During your drive home, stop every hour and walk for five to 10 minutes. If you’re traveling home by plane, stand up to stretch your legs and walk in the aisle at least every hour.
Ask your healthcare provider when you can resume driving and exercising.
What are the risks of this test?
People rarely have complications from heart catheterization. One million cardiac catheterizations take place in the U.S. each year, but the chances of a major complication during a heart catheterization for diagnostic reasons is less than 1%. Your cardiologist will discuss the specific risks and potential benefits of the procedure with you. Some of the possible cardiac catheterization risks include:
- Allergic reaction to the medication or contrast material you received during the procedure.
- Irregular heart rhythm.
- Infection.
- Low blood pressure.
- Bleeding at the catheter insertion site.

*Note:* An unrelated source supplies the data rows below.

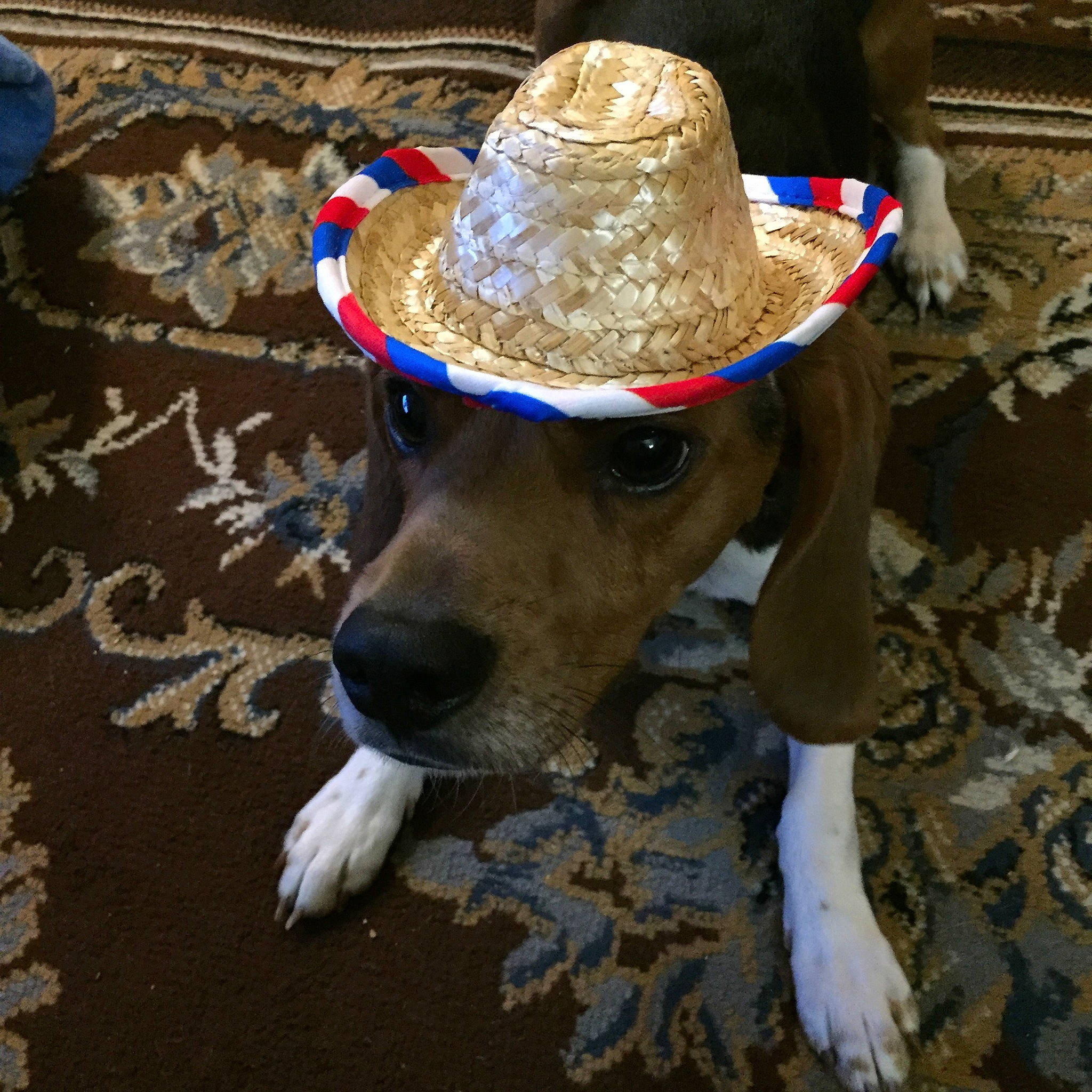 Balor is registered to the contest to win money with this photo: canidae, carnivore, costume_hat, dog, dog_breed, fashion_accessory, fawn, hat, headgear, sombrero, sporting_group, sun_hat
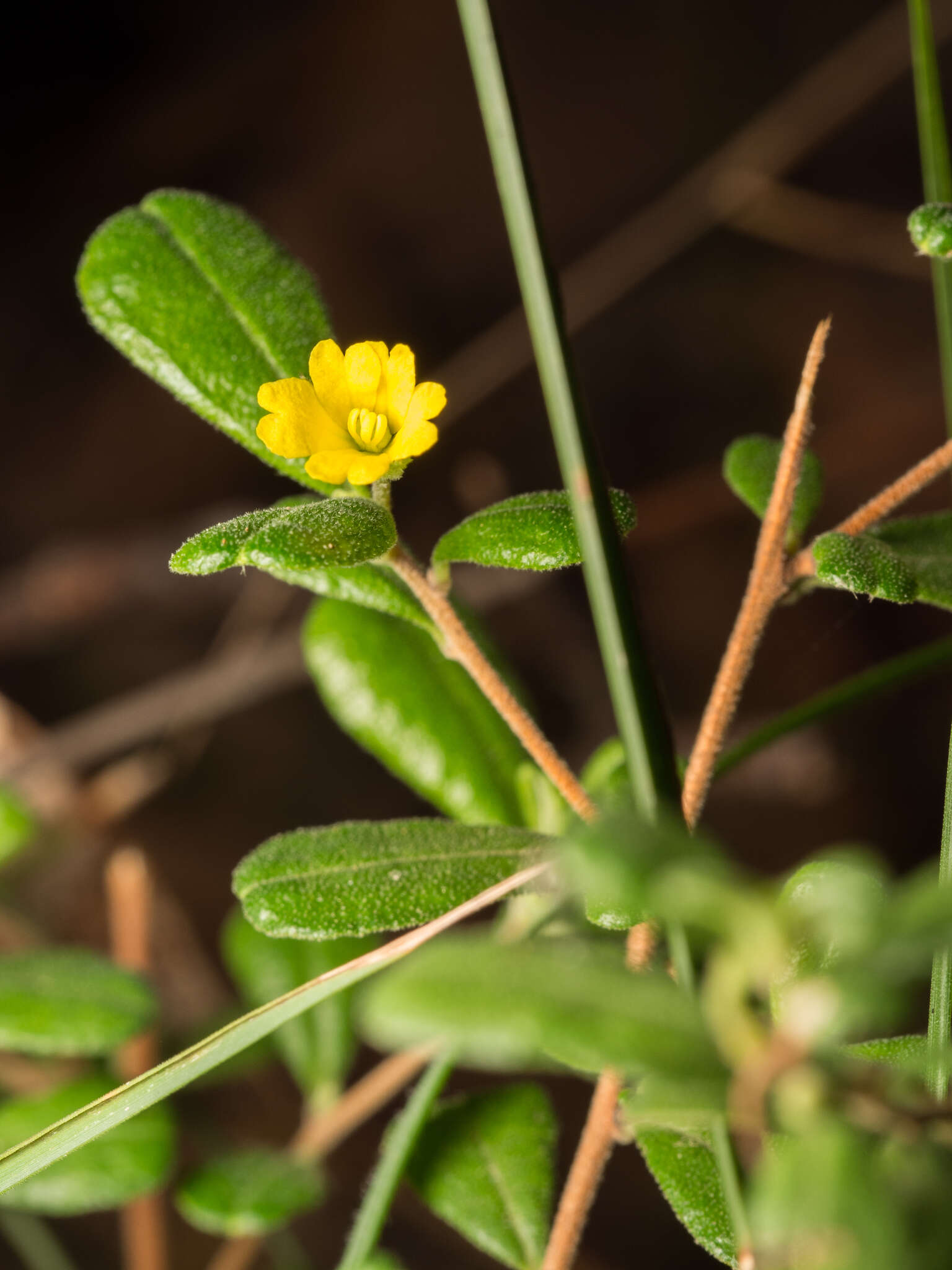 Image of Hibbertia aspera subsp. aspera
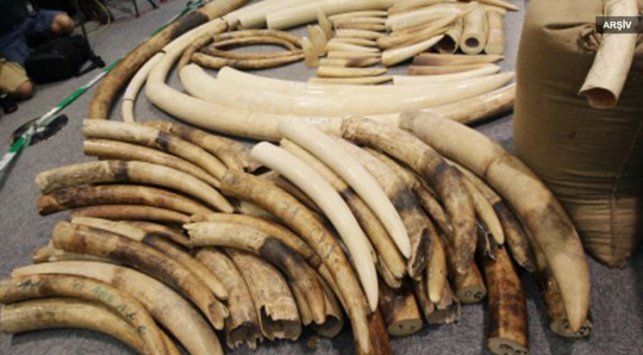 Vietnam'da 2 tondan fazla fildişi yakalandı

- A collapsed lung (pneumothorax).
- Continued chest pain or angina.
- Mild to moderate skin reactions (like a sunburn) from X-ray exposure.
- Kidney failure.
- Cardiac tamponade (fluid buildup around your heart).
- Heart attack, blood clots, stroke or death.
- Damage to a coronary artery.
- Emergency coronary artery bypass graft (CABG) surgery.
- Damage to blood vessels which may require emergency surgery.
There may be other possible risks. When you meet with your provider, ask questions to make sure you understand all of the potential risks and why they recommend the procedure.